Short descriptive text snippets
● ● ●

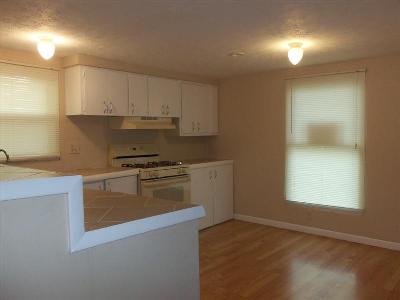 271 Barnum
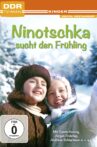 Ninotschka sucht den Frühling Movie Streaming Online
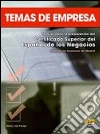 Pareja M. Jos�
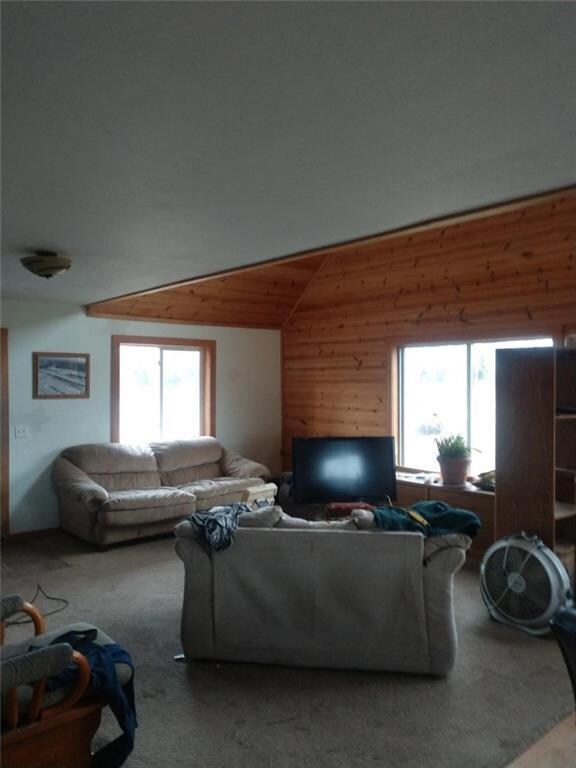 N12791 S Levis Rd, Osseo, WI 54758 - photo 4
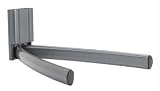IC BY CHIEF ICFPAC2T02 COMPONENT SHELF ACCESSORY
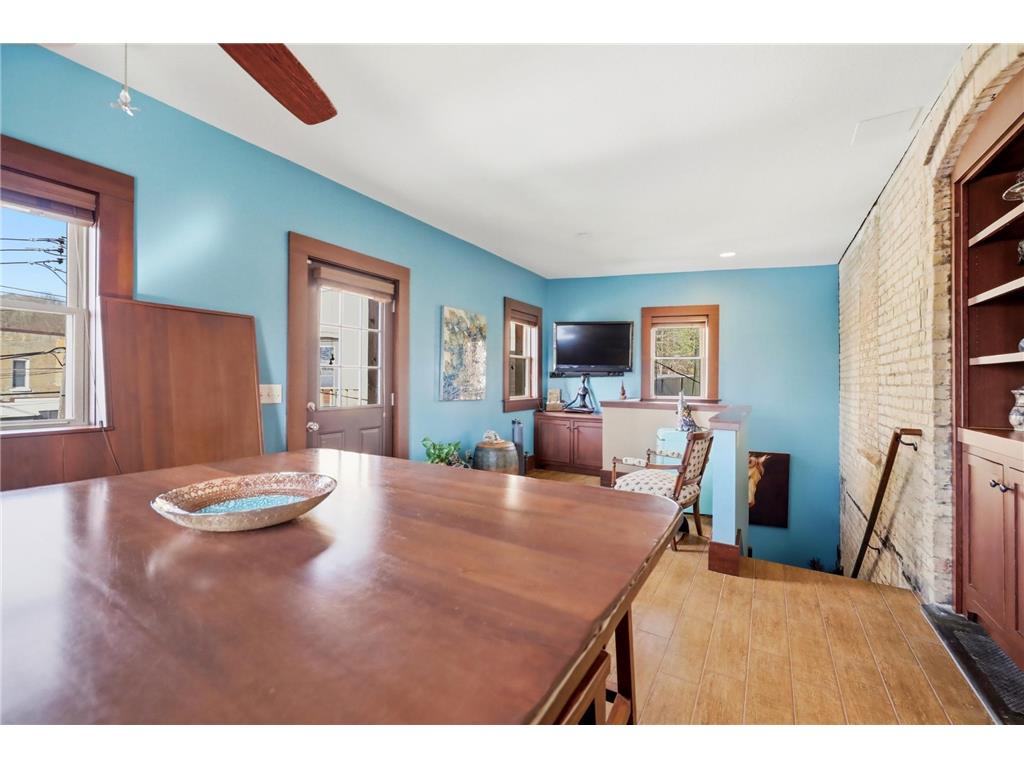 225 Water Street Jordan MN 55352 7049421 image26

● ● ●

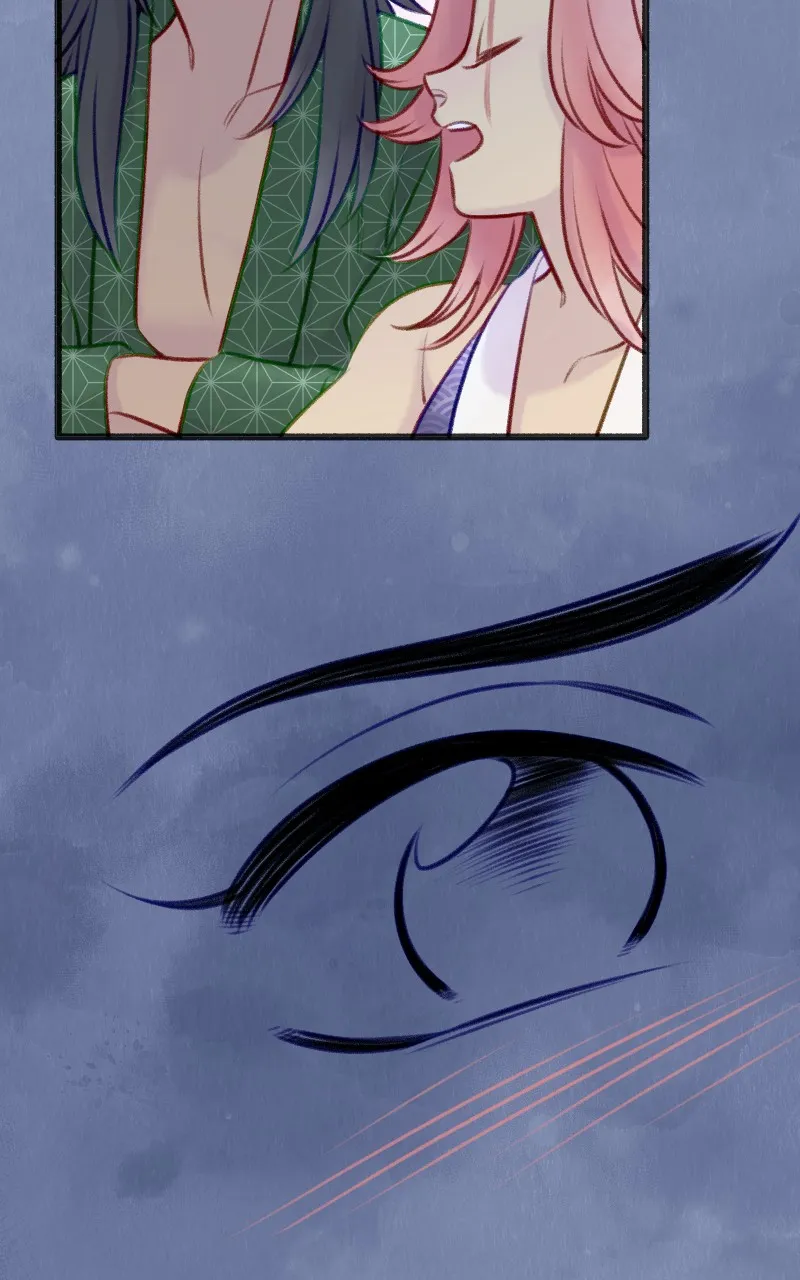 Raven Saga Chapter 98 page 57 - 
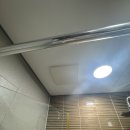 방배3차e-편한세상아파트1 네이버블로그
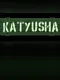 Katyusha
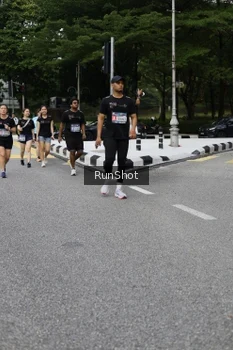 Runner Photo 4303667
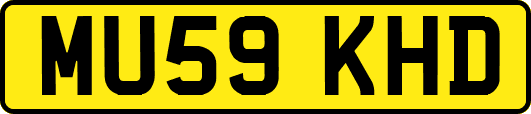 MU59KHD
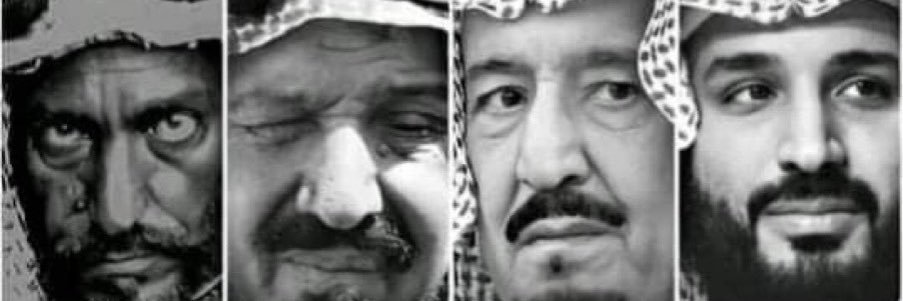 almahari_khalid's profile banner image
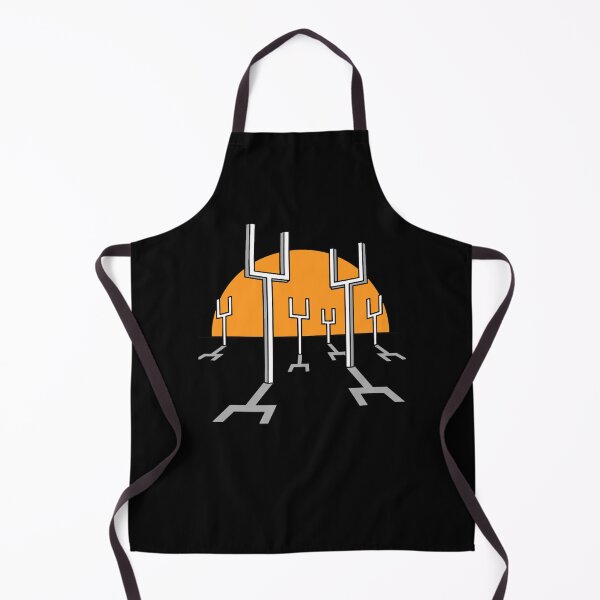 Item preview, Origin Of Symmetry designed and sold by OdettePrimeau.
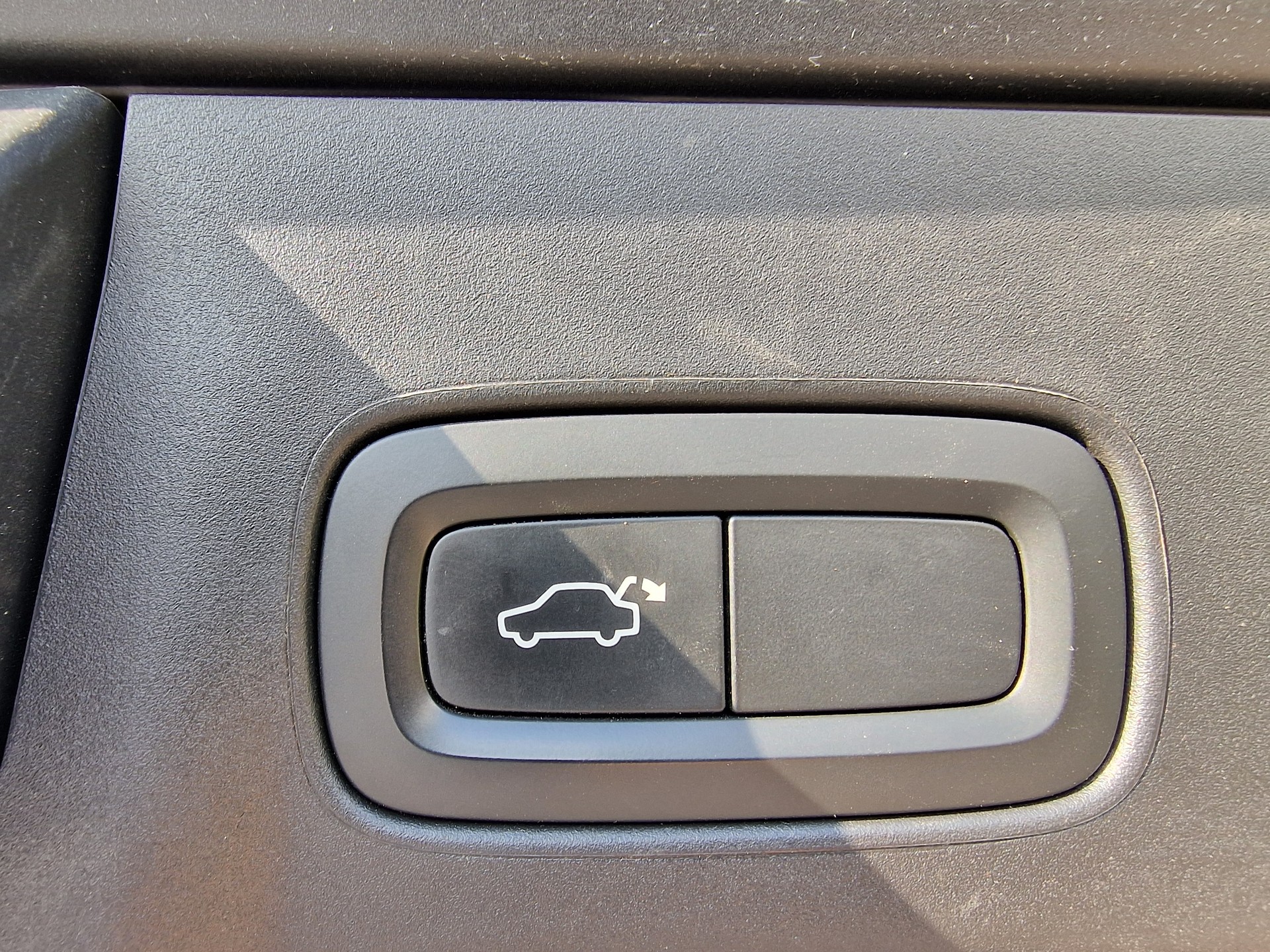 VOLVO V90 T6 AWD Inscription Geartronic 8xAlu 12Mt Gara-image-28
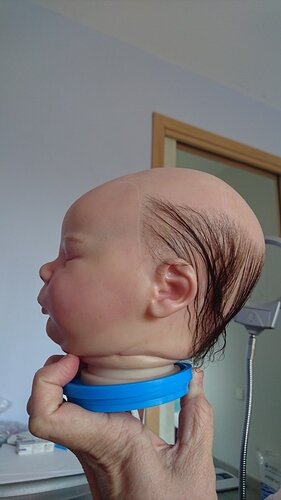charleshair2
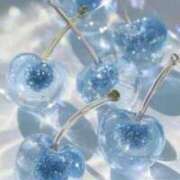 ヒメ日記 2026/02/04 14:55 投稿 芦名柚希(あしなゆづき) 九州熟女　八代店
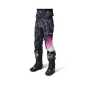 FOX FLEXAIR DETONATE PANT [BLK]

● ● ●

Starting with the line above that holds "N12791 S Levis Rd, Osseo, WI 54758 - photo 4", restate each line word for word up to and including the line that holds "225 Water Street". Drop the pictures.

 N12791 S Levis Rd, Osseo, WI 54758 - photo 4
IC BY CHIEF ICFPAC2T02 COMPONENT SHELF ACCESSORY
 225 Water Street Jordan MN 55352 7049421 image26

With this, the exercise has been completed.